Skip to site content
The Group Travel Leader Going on Faith Select Traveler

Rules of Engagement

If you want people to not only attend your conferences but also return year after year, you need to deliver an experience that engages them from start to finish. Here are some ways to foster engagement, from building excitement and interest through varied promotional marketing to choosing speakers who grab interest and give audiences what they need to know.

 

Stir up excitement

Building engagement starts long before the conference. From Instagram and TikTok to postcards and podcasts, strategic planners send messages in a mix of formats to promote their conferences. Planners won’t need to create much original content thanks to a wealth of promotional marketing materials that meeting venues, hotels and destinations are happy to share. For meetings in Grand Rapids, Michigan, for example, the convention services team at Experience Grand Rapids could supply save-the-date refrigerator magnets or a video about the city. The team at Visit Jackson, in Mississippi, could share its digital visitors guide or Soul Sessions podcast, where local personalities, like restaurateurs and historians, sit down for a chat. There’s also plenty of material to push out to attendees about speakers, whether it’s the speaker’s own promo video or perhaps a podcast. (A great resource for finding speakers, by the way, is the Find A Speaker feature at nsaspeaker.org, a service of the National Speakers Association.)

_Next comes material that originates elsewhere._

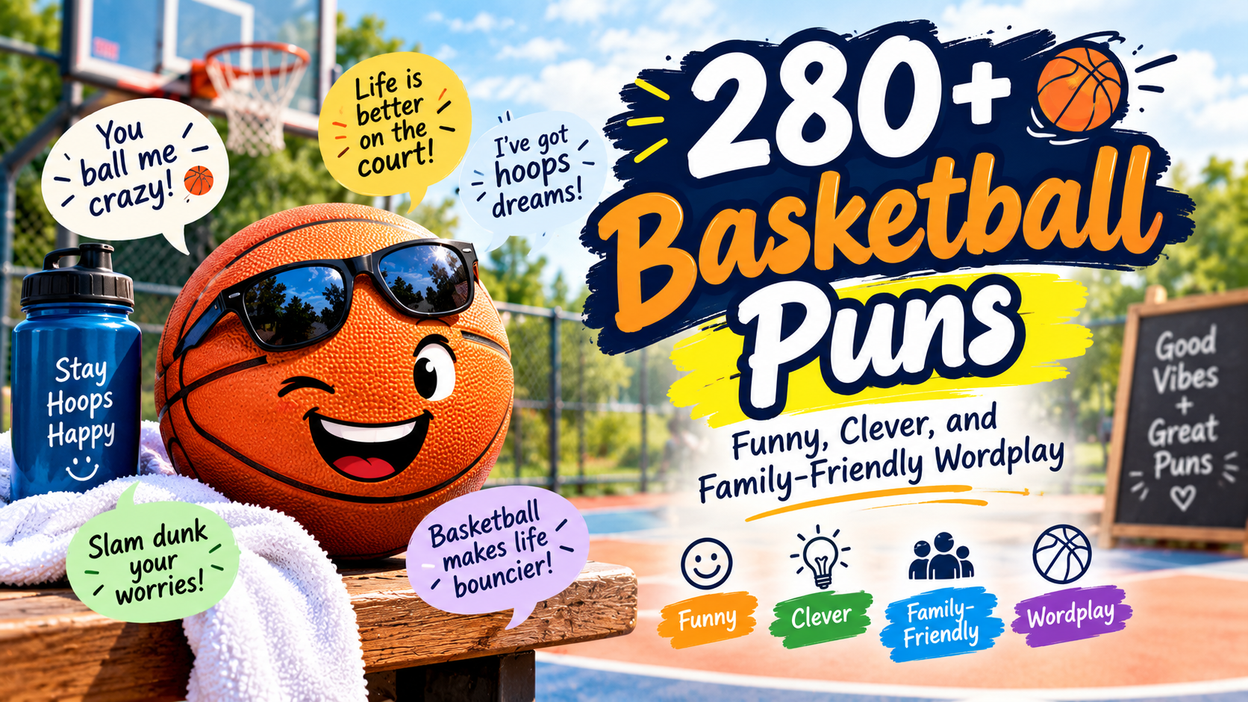 280+ funny basketball puns with clever, family-friendly wordplay, hilarious jokes, and court-inspired humor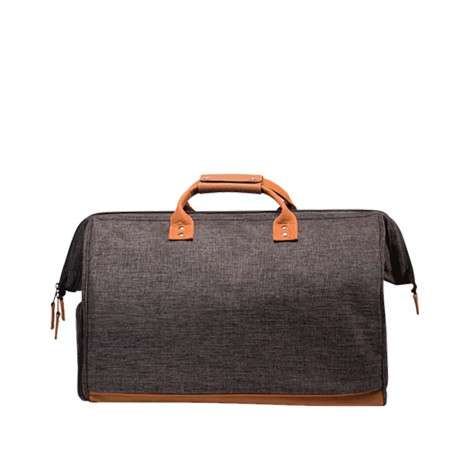Sac anthracite uni zippé avec une fermeture zippée et logo iconique de la marque - Image 2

Serve up speakers who deliver

As a conference attendee, there’s nothing more deflating than an educational session with a promising topic that doesn’t live up to its billing. Speakers who not only know their stuff but also how to deliver it will keep conference attendees engaged. In a column for Harvard Business Review, Deborah Grayson Riegel says the best speakers put the audience first. Instead of seeing a presentation as a chance to show what they know, they address what the audience wants and needs to know. Seek speakers who have shown they are attuned to their audience’s hopes and fears and don’t just talk about what they want to talk about. The Hamilton College’s Oral Communications Center has this advice for booking engaging speakers: Look for those who tell stories, relay personal experiences, ask provocative questions and lay down challenges.

Get the audience involved

There’s something about sitting in a hard chair in a long row that makes us a little less than sharp. Good speakers have techniques to rouse the crowd. To ensure your conference keeps everyone engaged, look for speakers who are lively and interactive. Humor is always welcomed, and a funny anecdote or an on-target cartoon will always wake up the crowd. Speakers who ask for a show of hands on a pertinent topic not only get the audience moving, but they also show them their opinion matters. Bringing an audience member or two on stage to participate in some fashion also elevates everyone’s interest. As Matt Abrahams, a lecturer in organizational behavior at Stanford Graduate School of Business and host of Think Fast, Talk Smart: The Podcast, said in a recent column, “Engaging your audience by asking a question, taking a poll, showing a video or using an analogy before introducing yourself sets an energetic tone.”

Appeal to the senses

Meetings are sensory experiences, and engagement is closely tied to what an audience sees, hears and feels. Think of all the times you’ve been distracted or distressed by a screeching microphone or by ear-pounding “background” music. As Julia Charles Event Management pointed out in a recent post on LinkedIn, “Sound can be the make or break of your event.” And of course, there’s also lighting and room temperature to consider. Lights that are too bright or a room that’s arctic also aggravate an audience. So, pay close attention to your crowd’s body language — stop, look and listen, and then quickly move to correct any sensory issues. In creating an engaging environment, also consider seating configurations. Does the arrangement that was chosen fit the size and type of session? Could you work with the venue to tweak a typical setup and shake up attendees a bit? Instead of a typical classroom configuration for a seminar, maybe try a U-shape to promote more interaction among attendees and the speaker. Or get your board out of big chairs at a long table and into some couches and chairs for a more relaxed and perhaps more creative planning session.

Keep engagement going

When attendees leave the last session, give them a chance to continue to engage. Have them walk out of an afternoon keynote session and into a space like the towering glass-walled pre-conference area at the Grand Wayne Center in Fort Wayne, Indiana. Perhaps the speaker could be convinced to hang around and talk shop with attendees as they relax on the comfortable curved couches positioned to look out on the city’s streets. Have roving waitstaff greet attendees with a signature drink, with or without alcohol, and a few appetizers they can enjoy as they sit together or stand at high tops. Associations might want to take a page from the networking idea used by many chambers of commerce and disperse longtime members into the crowd to serve as “ambassadors” who introduce new members to old and find other ways to help attendees make connections and engage with one another.